A leggere il comunicato della Fiat c’è da rimanere basiti. Si
invocano non meglio precisate crisi di mercato. Ora va bene tutto. Va
bene che la Fiat faccia il suo “gioco sporco”, per carità. Sporco,
perché colpisce al cuore la dignità delle persone spacciando la miseria
per sviluppo. Non va bene scrivere le prime castronerie che passano per
la mente cercando pezze d’appoggio alla bassezza umana. Quando è stato
fatto il grosso delle assunzioni a Pomigliano si era in piena crisi.
Eravamo nel primo trimestre di quest’anno. Si sapeva benissimo a cosa si
stava andando incontro. E’ lì che è stato deciso di tenere fuori gli
iscritti alla Fiom. Tutti fuori. Perché non si è aperta una procedura di
mobilità allora? Perché non si sono rispettate le proporzioni ben
sapendo che la discriminazione è una delle violazioni, peraltro rimasta,
dell’Articolo 18? Se, invece, della crisi non si aveva alcuna
avvisaglia ciò costituisce un motivo in più per non discriminare gli
iscritti Fiom perché allora la loro esclusione sarebbe suonata
doppiamente colpevole. Allora la politica, perfettamente al corrente
della faccenda, non volle intervenire. E sentire oggi alcuni sepolcri
imbiancati soprattutto nel Pd fa venire il voltastomaco. Dove eravate
allora signori liberisti un po’ cialtroni? Al di là di questo, che
sembra un particolare di poco conto, l’azione della Fiat è stata
intenzionale e non si può oggi invocare l’azione casuale della crisi
economica.
Il metodo del ricatto, poi, è veramente al di là del bene e del male.
Mettere gli operai uno contro l’altro è stata una operazione che i
padroni hanno sempre fatto.
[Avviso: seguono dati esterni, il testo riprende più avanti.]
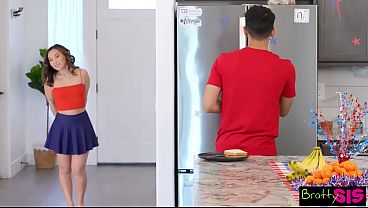 Malam 4 Juli, Kimmy Kimm Nungging Minta Diego Perez Tumpahin Semua Kontolnya Dalem-dalem.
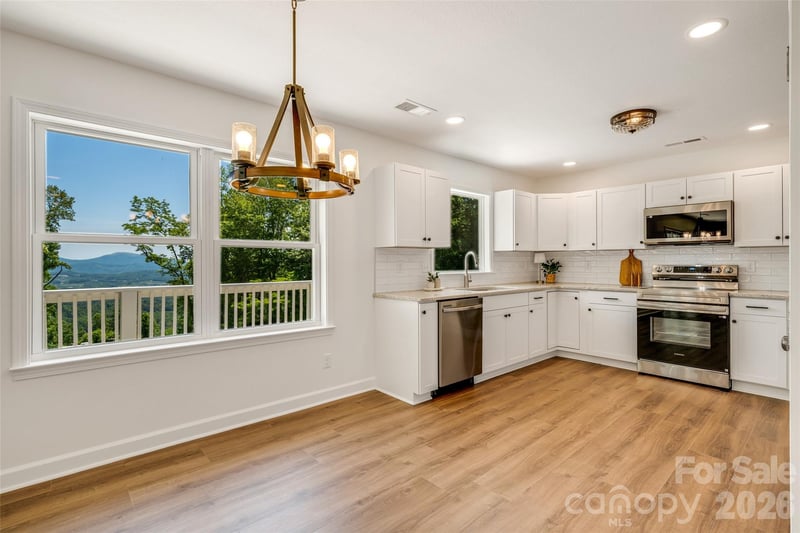 69 Milburn Lane, Hendersonville, NC - 3 beds, 3 baths, 1,798 sqft - $515,000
Mettere la vita di un operaio, perché di
questo stiamo parlando in quella situazione di grande povertà, contro
quella di un altro, ha un ché di nazistoide che davvero ci fa ribollire
il sangue. Stiamo scadendo al di sotto dei livelli minimi della
convivenza civile. Ripeto, questa vicenda era già scritta nella
“petizione” fatta girare pochi giorni fa tra le linee. E’ stata ignorata
praticamente da tutti, pensando che fosse una bega tra lavoratori.
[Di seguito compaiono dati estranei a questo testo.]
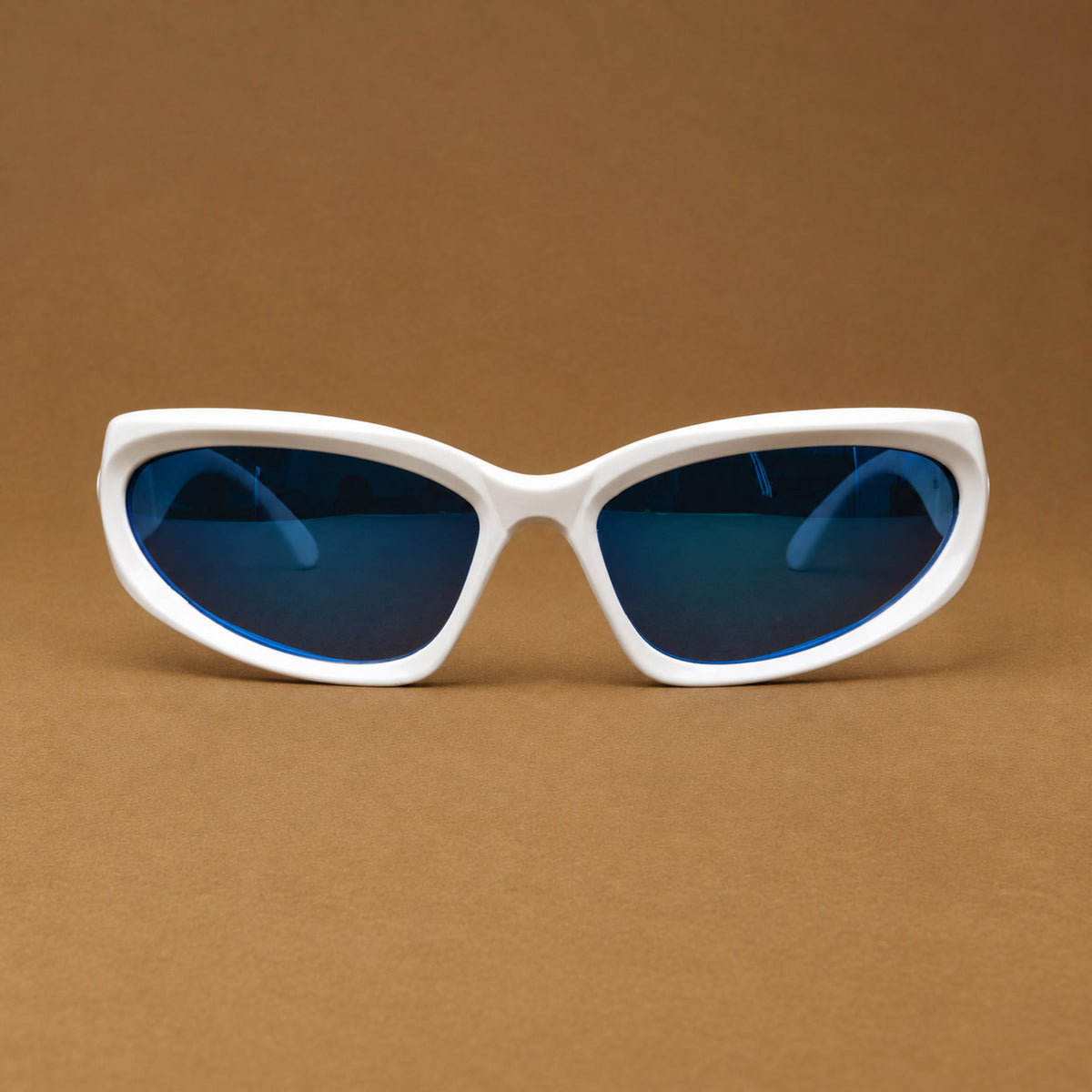 Vista frontal de gafas de sol blancas envolventes con lentes azul espejado uv400 Piclek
Nemmeno più nelle carceri o nelle istituzioni estreme, credo, sia più in
auge una pratica carognesca come questa.
Marchionne non vuole solo degli schiavi da spremere fino all’ultima
goccia di sudore. Pretende persone senza dignità capaci di denunciare il
proprio vicino per mezza parola detta durante un momento di sfogo.
Questa è una guerra. Ma allora di quale Costituzione e di quale
contratto parliamo. Perché non adottiamo il codice di guerra e andiamo
avanti tranquilli così? Basta con questa ipocrisia, che si chiamino le
cose con il loro nome. Viene da ridere a pensare quante volte il signor
Sergio Marchionne si è sciacquato la bocca con la parola democrazia,
magari davanti a sua Altezza Re Giorgio Napolitano che su tutta questa
vicenda, nonostante lui sia il garante della Costituzione Repubblicana,
continua ad osservare il più stretto riserbo. I partigiani, se la parola
non la disturba signor presidente della Repubblica, non sono morti per
questo scempio. Un illustre costituzionalista, non certo sospettabile di
essere un pericoloso comunista, un giorno ebbe a dire che nello schema
di Fabbrica Italia i sindacati si trasformano in “poliziotti”. Questo
costituzionalista si chiama Gustavo Zagrelbesky. E quando pronunciava la
sua analisi era lieto e tranquillo.
I padroni in pieno delirio di onnipotenza fanno paura non per la loro
forza ma per la loro debolezza. Stanno reagendo in modo rabbioso di
fronte alla loro manifesta impotenza. Ci stanno trascinando in un
baratro da cui sarà difficilissimo emergere. Così non usciamo dalla
crisi, tutt'altro. Dopo Berlusconi che ha innalzato il mignottame a
dignità di corte ora il padronato smisurato porta la barbarie come
“regola” di convivenza. Ecco l’Italia che ci ha regalato il liberismo.